July 16 (Bloomberg) -- The average price for regular gasoline at U.S. filling stations fell 6.77 cents in the past three weeks to $3.4103 a gallon, according to Lundberg Survey Inc.
The survey covers the three weeks ended July 13 and is based on information received from about 2,500 stations by the Camarillo, California-based company. The average is down 20.47 cents from a year earlier. Gasoline is 55.67 cents below the year-to-date high of $3.9671 reached April 6.
“This maybe is it for the decline,” Trilby Lundberg, president of Lundberg Survey, said yesterday in a telephone interview. “Higher crude oil prices is one reason. And the other reason is demand: Not only are we in the normal seasonal surge for gasoline, but we are also increasing our demand year over year.
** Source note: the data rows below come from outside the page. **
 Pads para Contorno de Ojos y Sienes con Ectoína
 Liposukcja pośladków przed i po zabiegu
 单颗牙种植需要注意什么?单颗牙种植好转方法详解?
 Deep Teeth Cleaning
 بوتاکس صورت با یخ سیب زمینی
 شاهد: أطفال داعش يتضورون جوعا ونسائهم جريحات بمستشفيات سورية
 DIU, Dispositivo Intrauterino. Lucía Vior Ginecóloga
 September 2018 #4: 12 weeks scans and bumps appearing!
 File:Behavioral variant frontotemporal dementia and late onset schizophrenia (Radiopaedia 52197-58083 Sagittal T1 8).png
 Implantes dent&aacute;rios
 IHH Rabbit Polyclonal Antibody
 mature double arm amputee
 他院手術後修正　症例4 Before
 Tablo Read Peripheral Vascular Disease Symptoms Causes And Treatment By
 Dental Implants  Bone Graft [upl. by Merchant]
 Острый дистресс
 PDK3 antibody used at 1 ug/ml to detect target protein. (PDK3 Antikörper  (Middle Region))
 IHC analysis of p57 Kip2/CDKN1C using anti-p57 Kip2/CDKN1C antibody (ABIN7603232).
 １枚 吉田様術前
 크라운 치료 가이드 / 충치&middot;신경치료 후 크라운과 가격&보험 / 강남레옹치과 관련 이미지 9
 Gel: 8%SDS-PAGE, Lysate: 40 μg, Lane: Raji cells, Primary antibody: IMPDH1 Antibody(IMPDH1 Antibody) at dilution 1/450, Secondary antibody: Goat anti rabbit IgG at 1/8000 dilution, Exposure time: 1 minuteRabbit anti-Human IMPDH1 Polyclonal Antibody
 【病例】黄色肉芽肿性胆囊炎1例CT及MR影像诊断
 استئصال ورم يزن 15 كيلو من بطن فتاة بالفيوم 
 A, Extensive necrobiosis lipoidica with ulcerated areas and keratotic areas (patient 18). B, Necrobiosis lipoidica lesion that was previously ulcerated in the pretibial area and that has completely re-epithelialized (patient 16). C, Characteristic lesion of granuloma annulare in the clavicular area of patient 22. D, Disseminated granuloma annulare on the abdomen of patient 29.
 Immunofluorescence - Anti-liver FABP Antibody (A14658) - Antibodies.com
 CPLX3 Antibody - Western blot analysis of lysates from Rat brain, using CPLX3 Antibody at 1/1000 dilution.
One reason for that is the price incentive.”
Prices at the pump fell as West Texas Intermediate crude for August delivery on the New York Mercantile Exchange jumped $7.34, or 9.2 percent, in three weeks to $87.10 a barrel on July 13. Futures have declined 21 percent since reaching a year-to-date settlement high of $109.77 on Feb. 24.
Gasoline futures on the Nymex surged 24.62 cents, or 9.6 percent, in the three weeks ended July 13 to $2.8161. Gasoline has lost 18 percent since reaching a year-to-date high of $3.4166 on March 26.
Crude oil and gasoline have risen on speculation that a struggling U.S. jobs market, Europe’s debt crisis and a slowdown in China will prompt more fiscal easing to stimulate growth.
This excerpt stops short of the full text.